> [TASK OBJECTIVE]:
Output the entries underneath exactly as they are.

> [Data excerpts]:
Content starts
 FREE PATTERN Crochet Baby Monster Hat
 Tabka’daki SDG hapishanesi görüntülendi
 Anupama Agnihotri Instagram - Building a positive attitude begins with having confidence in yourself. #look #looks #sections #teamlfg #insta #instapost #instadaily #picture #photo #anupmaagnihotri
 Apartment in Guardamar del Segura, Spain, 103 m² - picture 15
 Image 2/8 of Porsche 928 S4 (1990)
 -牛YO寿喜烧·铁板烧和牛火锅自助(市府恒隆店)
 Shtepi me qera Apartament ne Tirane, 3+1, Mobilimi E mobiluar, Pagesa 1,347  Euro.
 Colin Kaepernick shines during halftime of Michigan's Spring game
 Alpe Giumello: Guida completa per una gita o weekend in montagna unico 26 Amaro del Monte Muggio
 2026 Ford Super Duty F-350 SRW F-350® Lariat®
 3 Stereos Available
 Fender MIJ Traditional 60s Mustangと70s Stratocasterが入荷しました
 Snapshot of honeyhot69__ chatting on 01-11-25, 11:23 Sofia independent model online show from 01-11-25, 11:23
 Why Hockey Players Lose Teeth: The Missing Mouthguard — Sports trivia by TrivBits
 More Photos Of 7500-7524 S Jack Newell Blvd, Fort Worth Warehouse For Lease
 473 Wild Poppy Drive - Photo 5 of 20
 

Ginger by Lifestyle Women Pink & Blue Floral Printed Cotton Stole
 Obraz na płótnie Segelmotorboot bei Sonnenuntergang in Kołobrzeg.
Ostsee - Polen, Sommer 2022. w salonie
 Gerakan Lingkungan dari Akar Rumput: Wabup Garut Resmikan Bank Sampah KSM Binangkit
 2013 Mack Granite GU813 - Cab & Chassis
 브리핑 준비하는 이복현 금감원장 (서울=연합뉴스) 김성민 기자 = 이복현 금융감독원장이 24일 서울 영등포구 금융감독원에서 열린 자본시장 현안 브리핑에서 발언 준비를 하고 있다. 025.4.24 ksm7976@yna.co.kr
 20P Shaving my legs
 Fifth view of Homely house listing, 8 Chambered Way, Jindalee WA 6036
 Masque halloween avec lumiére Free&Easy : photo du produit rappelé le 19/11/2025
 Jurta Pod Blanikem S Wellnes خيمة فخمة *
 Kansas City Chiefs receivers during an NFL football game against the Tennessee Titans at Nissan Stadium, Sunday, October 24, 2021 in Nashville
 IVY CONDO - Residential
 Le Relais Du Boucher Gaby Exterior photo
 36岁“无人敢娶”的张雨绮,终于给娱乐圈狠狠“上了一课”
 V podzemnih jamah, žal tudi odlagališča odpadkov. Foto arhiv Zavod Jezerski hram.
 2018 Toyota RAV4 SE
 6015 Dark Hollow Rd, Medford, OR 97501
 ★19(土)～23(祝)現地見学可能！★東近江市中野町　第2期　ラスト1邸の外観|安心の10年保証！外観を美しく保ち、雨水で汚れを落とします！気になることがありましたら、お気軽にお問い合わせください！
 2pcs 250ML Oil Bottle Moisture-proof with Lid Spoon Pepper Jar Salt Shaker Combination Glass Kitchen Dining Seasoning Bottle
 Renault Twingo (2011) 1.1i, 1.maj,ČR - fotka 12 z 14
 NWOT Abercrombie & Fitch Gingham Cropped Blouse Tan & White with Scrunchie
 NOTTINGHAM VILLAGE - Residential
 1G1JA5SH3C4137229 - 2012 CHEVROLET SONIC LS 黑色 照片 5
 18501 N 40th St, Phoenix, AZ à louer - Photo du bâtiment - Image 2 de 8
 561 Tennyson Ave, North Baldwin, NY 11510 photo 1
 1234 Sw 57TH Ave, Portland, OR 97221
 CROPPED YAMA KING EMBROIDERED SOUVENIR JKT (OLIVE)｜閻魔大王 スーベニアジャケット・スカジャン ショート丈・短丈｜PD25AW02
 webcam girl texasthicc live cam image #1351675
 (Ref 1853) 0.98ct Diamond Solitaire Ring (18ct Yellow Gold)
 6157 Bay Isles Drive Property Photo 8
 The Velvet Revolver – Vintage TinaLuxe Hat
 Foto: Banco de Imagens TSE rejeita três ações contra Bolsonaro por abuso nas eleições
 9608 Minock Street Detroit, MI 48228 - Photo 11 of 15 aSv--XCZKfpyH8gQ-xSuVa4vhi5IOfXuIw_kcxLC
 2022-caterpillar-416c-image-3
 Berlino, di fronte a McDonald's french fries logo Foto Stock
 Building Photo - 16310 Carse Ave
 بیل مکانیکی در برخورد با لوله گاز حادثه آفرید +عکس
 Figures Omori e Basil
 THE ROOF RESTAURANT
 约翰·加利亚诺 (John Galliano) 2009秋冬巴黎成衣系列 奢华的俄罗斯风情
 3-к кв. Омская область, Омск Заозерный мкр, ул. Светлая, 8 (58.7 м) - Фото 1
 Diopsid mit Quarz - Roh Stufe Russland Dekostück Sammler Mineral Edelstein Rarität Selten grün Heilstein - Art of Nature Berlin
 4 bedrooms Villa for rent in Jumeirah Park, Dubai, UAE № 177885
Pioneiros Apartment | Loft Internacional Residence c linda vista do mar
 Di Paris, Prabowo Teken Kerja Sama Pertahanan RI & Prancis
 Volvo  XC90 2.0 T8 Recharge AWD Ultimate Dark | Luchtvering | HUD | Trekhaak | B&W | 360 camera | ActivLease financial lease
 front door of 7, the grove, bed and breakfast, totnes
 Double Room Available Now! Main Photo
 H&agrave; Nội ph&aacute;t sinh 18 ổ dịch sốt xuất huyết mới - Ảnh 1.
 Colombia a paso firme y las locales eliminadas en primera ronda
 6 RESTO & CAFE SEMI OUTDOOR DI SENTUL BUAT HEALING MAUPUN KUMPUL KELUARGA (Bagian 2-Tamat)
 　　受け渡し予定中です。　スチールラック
Content ends
> [EXERCISE ANSWER]:
 FREE PATTERN Crochet Baby Monster Hat
 Tabka’daki SDG hapishanesi görüntülendi
 Anupama Agnihotri Instagram - Building a positive attitude begins with having confidence in yourself. #look #looks #sections #teamlfg #insta #instapost #instadaily #picture #photo #anupmaagnihotri
 Apartment in Guardamar del Segura, Spain, 103 m² - picture 15
 Image 2/8 of Porsche 928 S4 (1990)
 -牛YO寿喜烧·铁板烧和牛火锅自助(市府恒隆店)
 Shtepi me qera Apartament ne Tirane, 3+1, Mobilimi E mobiluar, Pagesa 1,347  Euro.
 Colin Kaepernick shines during halftime of Michigan's Spring game
 Alpe Giumello: Guida completa per una gita o weekend in montagna unico 26 Amaro del Monte Muggio
 2026 Ford Super Duty F-350 SRW F-350® Lariat®
 3 Stereos Available
 Fender MIJ Traditional 60s Mustangと70s Stratocasterが入荷しました
 Snapshot of honeyhot69__ chatting on 01-11-25, 11:23 Sofia independent model online show from 01-11-25, 11:23
 Why Hockey Players Lose Teeth: The Missing Mouthguard — Sports trivia by TrivBits
 More Photos Of 7500-7524 S Jack Newell Blvd, Fort Worth Warehouse For Lease
 473 Wild Poppy Drive - Photo 5 of 20
 

Ginger by Lifestyle Women Pink & Blue Floral Printed Cotton Stole
 Obraz na płótnie Segelmotorboot bei Sonnenuntergang in Kołobrzeg.
Ostsee - Polen, Sommer 2022. w salonie
 Gerakan Lingkungan dari Akar Rumput: Wabup Garut Resmikan Bank Sampah KSM Binangkit
 2013 Mack Granite GU813 - Cab & Chassis
 브리핑 준비하는 이복현 금감원장 (서울=연합뉴스) 김성민 기자 = 이복현 금융감독원장이 24일 서울 영등포구 금융감독원에서 열린 자본시장 현안 브리핑에서 발언 준비를 하고 있다. 025.4.24 ksm7976@yna.co.kr
 20P Shaving my legs
 Fifth view of Homely house listing, 8 Chambered Way, Jindalee WA 6036
 Masque halloween avec lumiére Free&Easy : photo du produit rappelé le 19/11/2025
 Jurta Pod Blanikem S Wellnes خيمة فخمة *
 Kansas City Chiefs receivers during an NFL football game against the Tennessee Titans at Nissan Stadium, Sunday, October 24, 2021 in Nashville
 IVY CONDO - Residential
 Le Relais Du Boucher Gaby Exterior photo
 36岁“无人敢娶”的张雨绮,终于给娱乐圈狠狠“上了一课”
 V podzemnih jamah, žal tudi odlagališča odpadkov. Foto arhiv Zavod Jezerski hram.
 2018 Toyota RAV4 SE
 6015 Dark Hollow Rd, Medford, OR 97501
 ★19(土)～23(祝)現地見学可能！★東近江市中野町　第2期　ラスト1邸の外観|安心の10年保証！外観を美しく保ち、雨水で汚れを落とします！気になることがありましたら、お気軽にお問い合わせください！
 2pcs 250ML Oil Bottle Moisture-proof with Lid Spoon Pepper Jar Salt Shaker Combination Glass Kitchen Dining Seasoning Bottle
 Renault Twingo (2011) 1.1i, 1.maj,ČR - fotka 12 z 14
 NWOT Abercrombie & Fitch Gingham Cropped Blouse Tan & White with Scrunchie
 NOTTINGHAM VILLAGE - Residential
 1G1JA5SH3C4137229 - 2012 CHEVROLET SONIC LS 黑色 照片 5
 18501 N 40th St, Phoenix, AZ à louer - Photo du bâtiment - Image 2 de 8
 561 Tennyson Ave, North Baldwin, NY 11510 photo 1
 1234 Sw 57TH Ave, Portland, OR 97221
 CROPPED YAMA KING EMBROIDERED SOUVENIR JKT (OLIVE)｜閻魔大王 スーベニアジャケット・スカジャン ショート丈・短丈｜PD25AW02
 webcam girl texasthicc live cam image #1351675
 (Ref 1853) 0.98ct Diamond Solitaire Ring (18ct Yellow Gold)
 6157 Bay Isles Drive Property Photo 8
 The Velvet Revolver – Vintage TinaLuxe Hat
 Foto: Banco de Imagens TSE rejeita três ações contra Bolsonaro por abuso nas eleições
 9608 Minock Street Detroit, MI 48228 - Photo 11 of 15 aSv--XCZKfpyH8gQ-xSuVa4vhi5IOfXuIw_kcxLC
 2022-caterpillar-416c-image-3
 Berlino, di fronte a McDonald's french fries logo Foto Stock
 Building Photo - 16310 Carse Ave
 بیل مکانیکی در برخورد با لوله گاز حادثه آفرید +عکس
 Figures Omori e Basil
 THE ROOF RESTAURANT
 约翰·加利亚诺 (John Galliano) 2009秋冬巴黎成衣系列 奢华的俄罗斯风情
 3-к кв. Омская область, Омск Заозерный мкр, ул. Светлая, 8 (58.7 м) - Фото 1
 Diopsid mit Quarz - Roh Stufe Russland Dekostück Sammler Mineral Edelstein Rarität Selten grün Heilstein - Art of Nature Berlin
 4 bedrooms Villa for rent in Jumeirah Park, Dubai, UAE № 177885
Pioneiros Apartment | Loft Internacional Residence c linda vista do mar
 Di Paris, Prabowo Teken Kerja Sama Pertahanan RI & Prancis
 Volvo  XC90 2.0 T8 Recharge AWD Ultimate Dark | Luchtvering | HUD | Trekhaak | B&W | 360 camera | ActivLease financial lease
 front door of 7, the grove, bed and breakfast, totnes
 Double Room Available Now! Main Photo
 H&agrave; Nội ph&aacute;t sinh 18 ổ dịch sốt xuất huyết mới - Ảnh 1.
 Colombia a paso firme y las locales eliminadas en primera ronda
 6 RESTO & CAFE SEMI OUTDOOR DI SENTUL BUAT HEALING MAUPUN KUMPUL KELUARGA (Bagian 2-Tamat)
 　　受け渡し予定中です。　スチールラック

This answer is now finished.